=== Exercise brief ===
Up to and including the line that holds "viorica dancila avem", print the data exactly from its first line; do not print the pictures.

=== Data shown ===
————

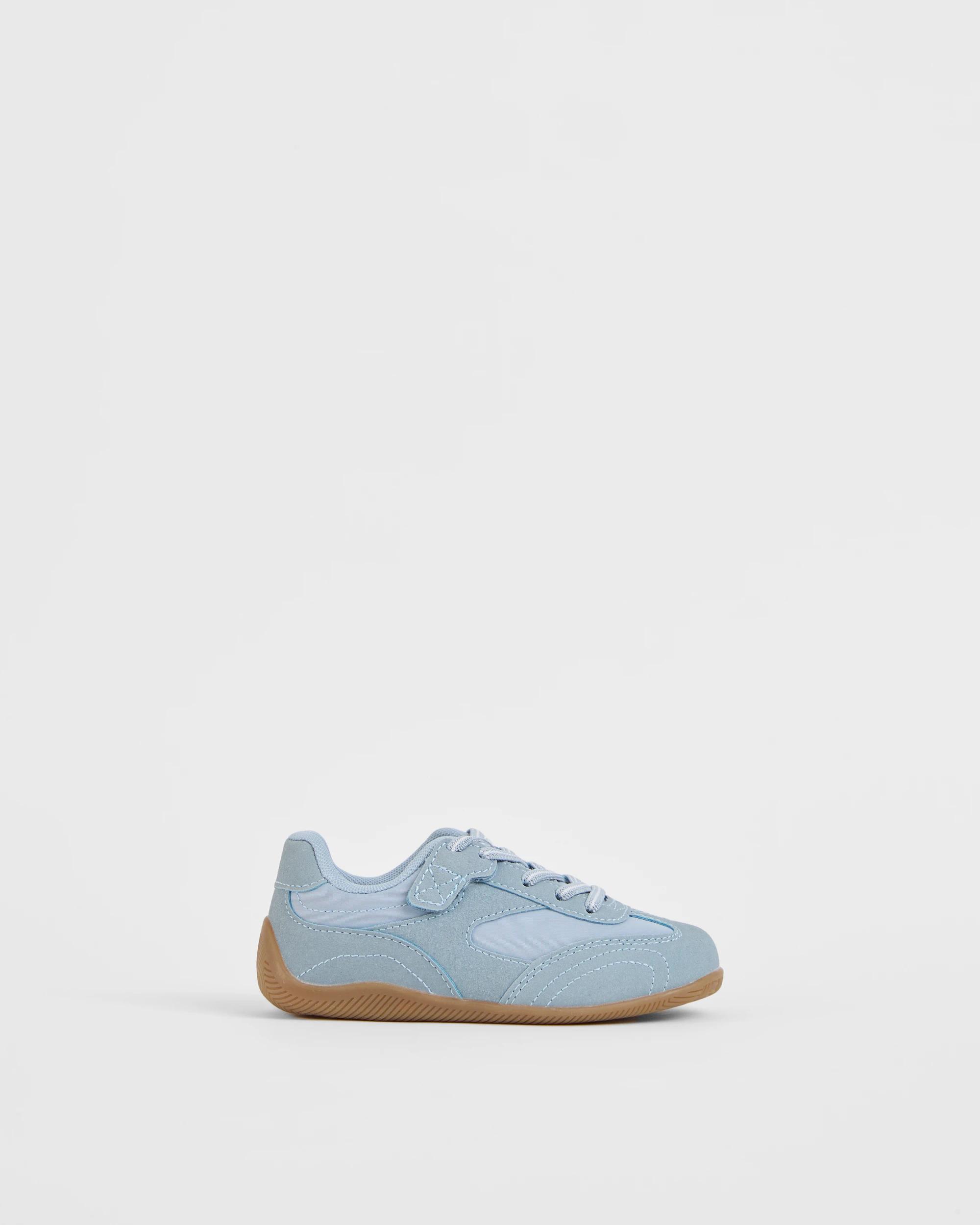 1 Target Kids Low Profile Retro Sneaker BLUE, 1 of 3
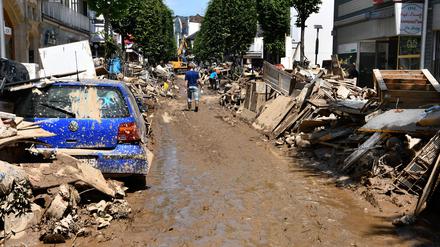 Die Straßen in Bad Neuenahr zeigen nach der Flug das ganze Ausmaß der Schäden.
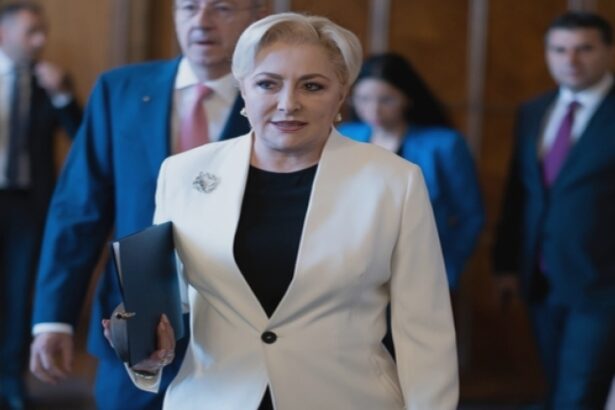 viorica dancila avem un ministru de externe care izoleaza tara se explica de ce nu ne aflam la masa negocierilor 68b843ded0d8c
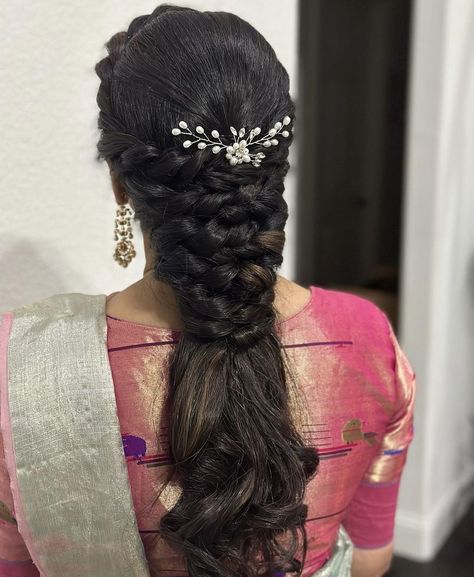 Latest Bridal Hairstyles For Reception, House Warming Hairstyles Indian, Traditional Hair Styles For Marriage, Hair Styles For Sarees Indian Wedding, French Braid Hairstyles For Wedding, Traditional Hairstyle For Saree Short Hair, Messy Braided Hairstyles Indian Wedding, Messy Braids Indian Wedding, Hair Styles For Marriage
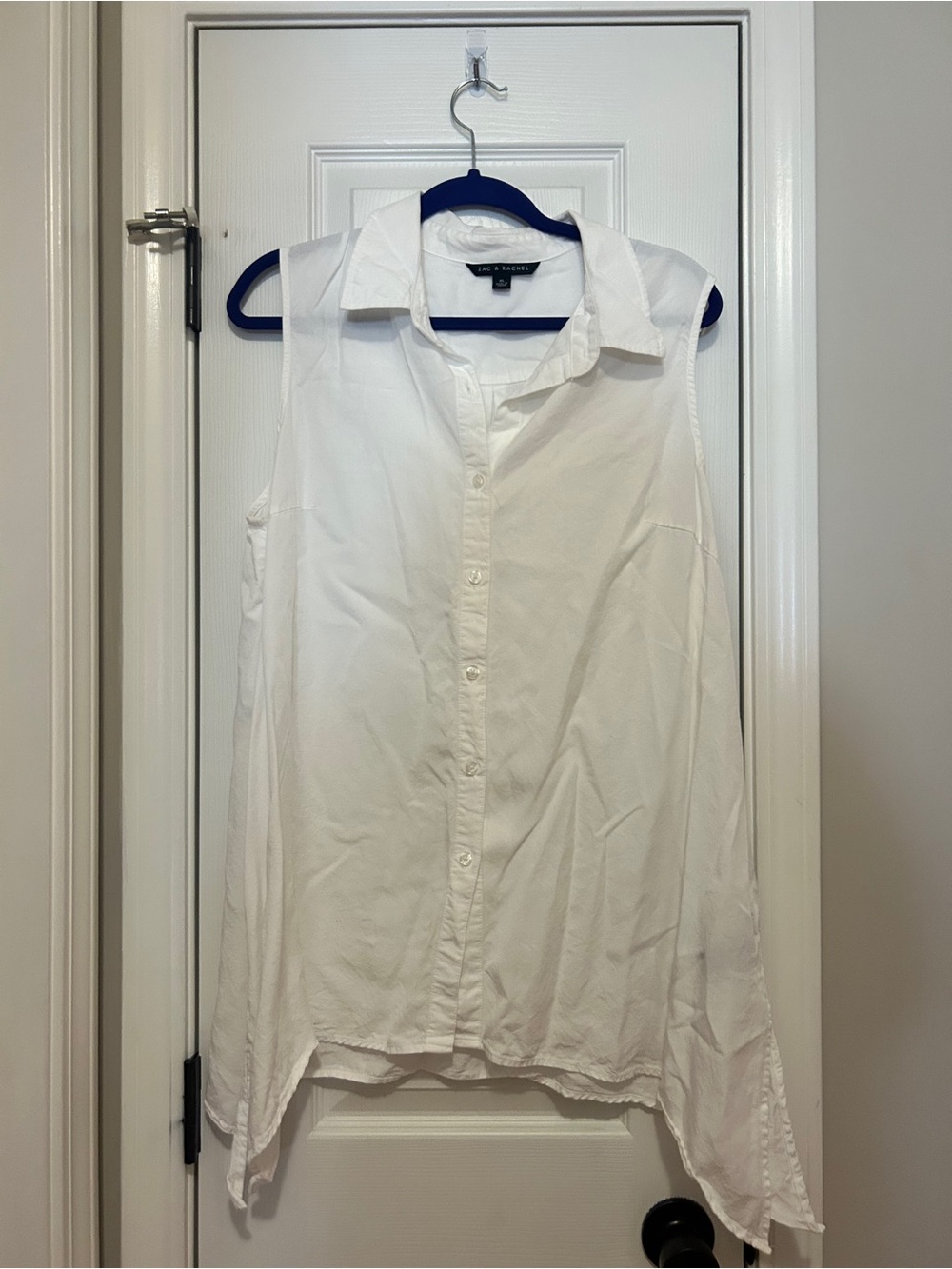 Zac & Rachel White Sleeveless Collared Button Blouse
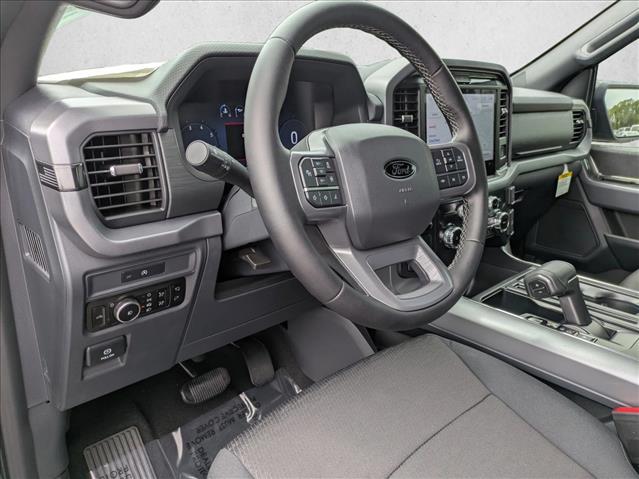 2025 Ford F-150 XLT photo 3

————

=== Solved exercise ===
 1 Target Kids Low Profile Retro Sneaker BLUE, 1 of 3
 Die Straßen in Bad Neuenahr zeigen nach der Flug das ganze Ausmaß der Schäden.
 viorica dancila avem un ministru de externe care izoleaza tara se explica de ce nu ne aflam la masa negocierilor 68b843ded0d8c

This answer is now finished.